A cet égard, briser le kayfabe est mal vu dans le monde du catch. Pour vous faire une idée, imaginez un acteur de théâtre arrêter
son rôle sur scène durant une représentation.
Pourtant, il arrive que le kayfabe soit brisé, suite à une blessure réelle, le décès d'un lutteur, une rivalité réelle entre catcheurs
ou un changement de scénario décidé en dernière minute (comme le Montréal
ScrewjobNote8).
Depuis l'ère d'Internet, la tenue secrète du kayfabe est de plus en plus difficile (voire impossible) pour les fédérations
de catch. Si par le passé, il était peu aisé de connaitre jusqu'à la véritable identité des lutteurs, il n'est pas rare de
nos jours que les différents scénarios fuitent sur le net. Parfois, ces fuitent sont orchestrées par les fédérations pour
brouiller les pistes (et s'assurer ainsi l'attention des fans), parfois non.
Que peut-il y a voir d'attirant dans un show télévisé montrant des mecs musclés et peu
habillés, des dialogues dignes d'un mononeurone et des demoiselles dans des tenues très aguichantes ?

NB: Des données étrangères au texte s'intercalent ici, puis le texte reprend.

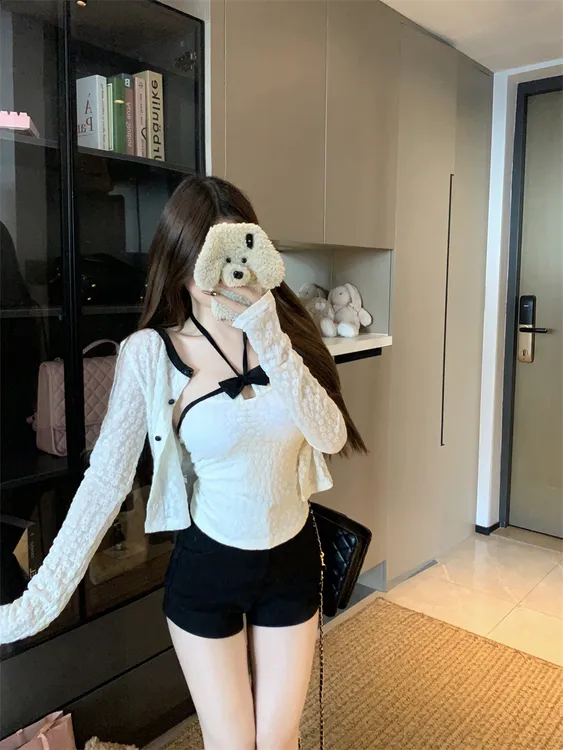 纯欲风挂脖吊带长袖镂空开衫女秋季性感蕾丝提花时尚显瘦辣妹套装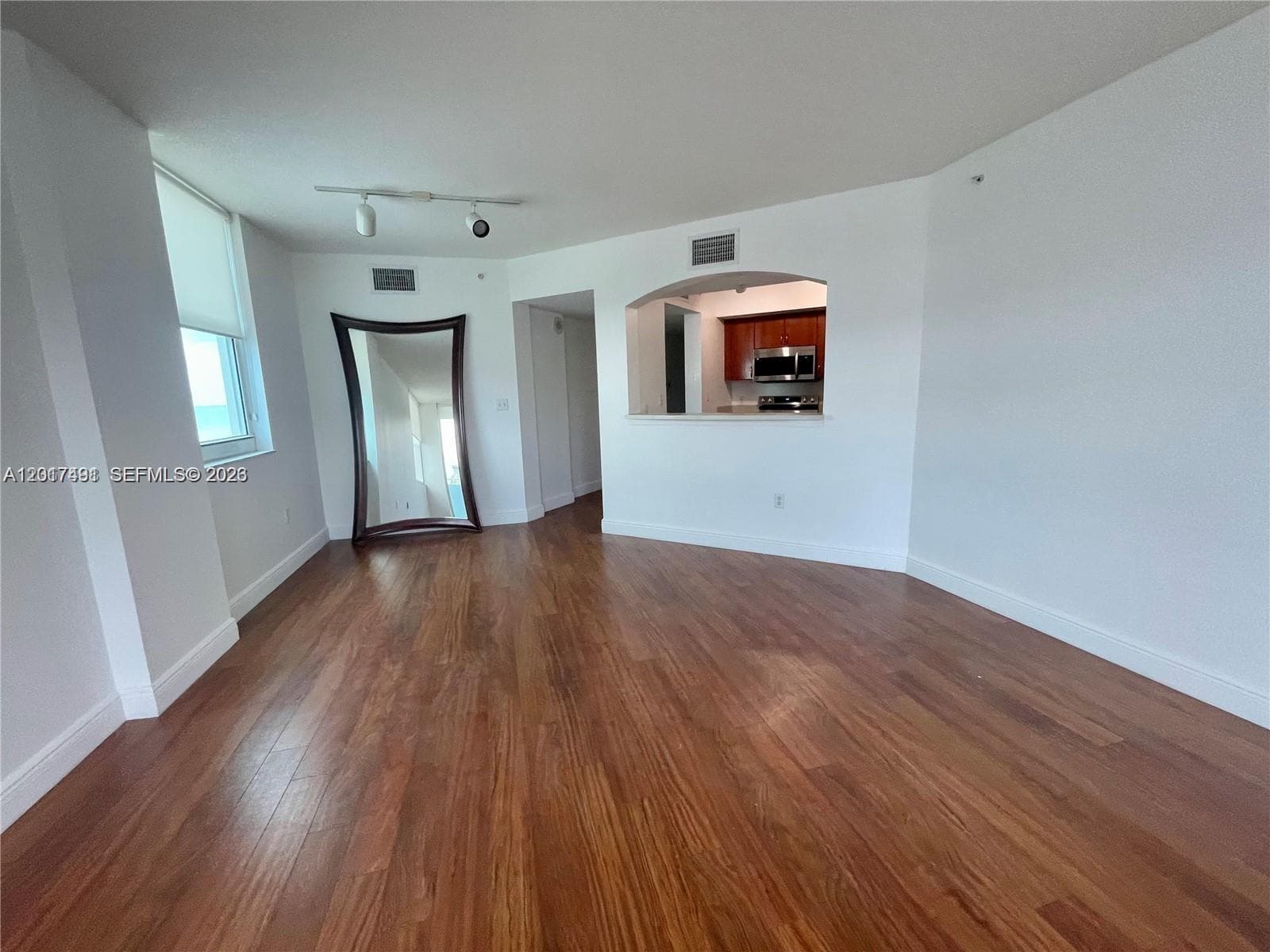 9201 Collins Ave 321 photo 3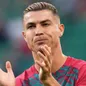 Ronaldo đăng tâm thư, tiết lộ HLV Bồ Đào Nha hai lần thất hứa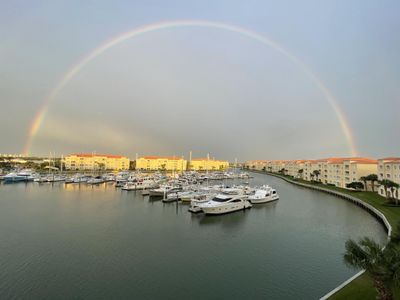 PH02 - 13 Harbour Isle Drive W, Condo with 2 bedrooms, 2 bathrooms and null parking in Fort Pierce FL | Image 1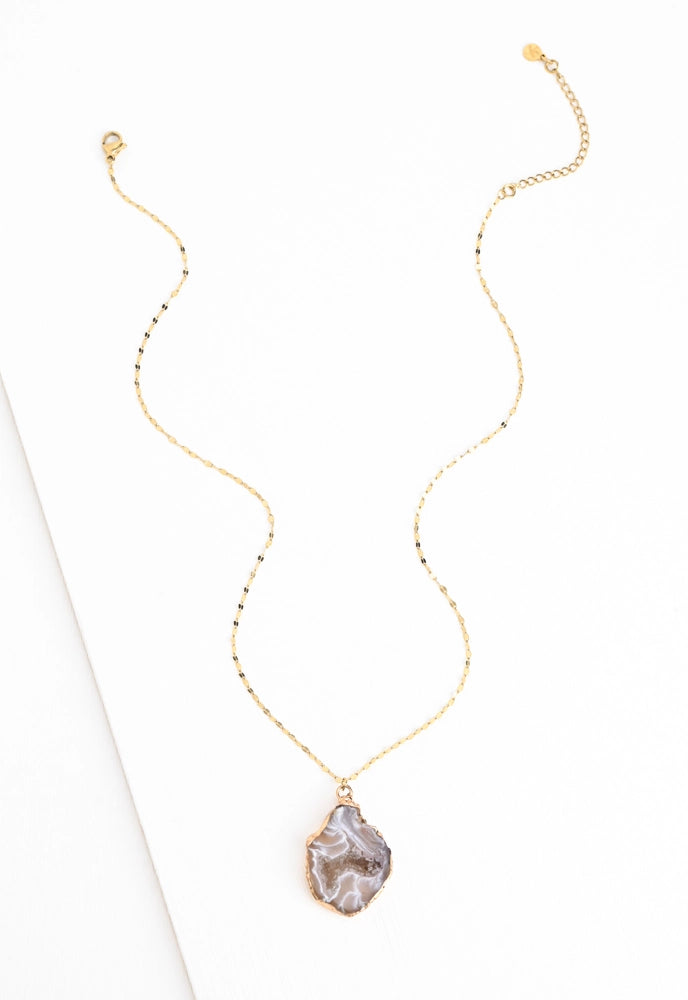 AGATE AND GOLD NECKLACE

Justement, des demoiselles dans des tenues très aguichantes !
A côté de cela, le catch est pour moi le double moment de détente hebdomadaire. Inutile de se retourner le cerveau pour
comprendre l'intrigue, on s'assoie dans le canapé et on ingurgite sans peine.
La pyrotechnie et les jeux de lumière sont aussi là pour attirer le regard. Pour couronner le tout, le duo de commentateurs
français (Christophe Agius et Philippe Chereau) a réussi à promouvoir le second degré du catch à travers un humour, certes bas de
plafond, mais agréable. Bref, le catch repose les neurones et c'est bien tout ce qu'on lui demande. Il s'agit d'un divertissement
(sportif) et il joue son rôle à merveille.
Le catch me semble moins débile ou abrutissant que la téléréalité, et si l'on loupe un épisode, on peut toujours suivre le
fil des histoires sans trop perdre au passage.
CM Punk à RAW, toisant les commentateurs Jerry Lawler et Michael Cole en 2012
© WWE
SmackDown et RAWNote9 sont mes seules habitudes télévisuelles. Il y a bien de temps en temps un documentaire qui me scotche devant mon écran mais le reste, je n'y accroche pas. C'est ainsi.
La mauvaise presse de la WWE provient aussi de la durée de vie limitée de ses vedettes.
Fermant les yeux sur les prises de stéroïdes, de drogue et d'alcool par les lutteurs, la fédération de Stamford se retrouve
depuis plusieurs années avec une liste d'ex-lutteurs passés de vie à trépas alors que ceux-ci n'avaient pas atteint les 60 ans
(voire même largement moins) : Randy « Macho Man » Savage (58 ans), Eddie Guerrero (38 ans), Andrew « Test » Martin (33 ans) ,
« Mr Perfect » Curt Hennig (44 ans), « British Bulldog » Davey Boy Smith (39 ans) ou encore Chris Benoit (40 ans). Le cas de Benoit
est encore plus glauqueNote10.
Depuis, contrainte et forcée pour son image, la WWE est enfin intransigeante par rapport à l'usage de substances illicites et elle
contraint au repos les lutteurs ayant subi une commotion cérébrale.
Mais comme pour rappeler les jours les sombres de la compagnie, c'est au tour de l'Ultimate Warrior (54 ans) de décéder inopinément.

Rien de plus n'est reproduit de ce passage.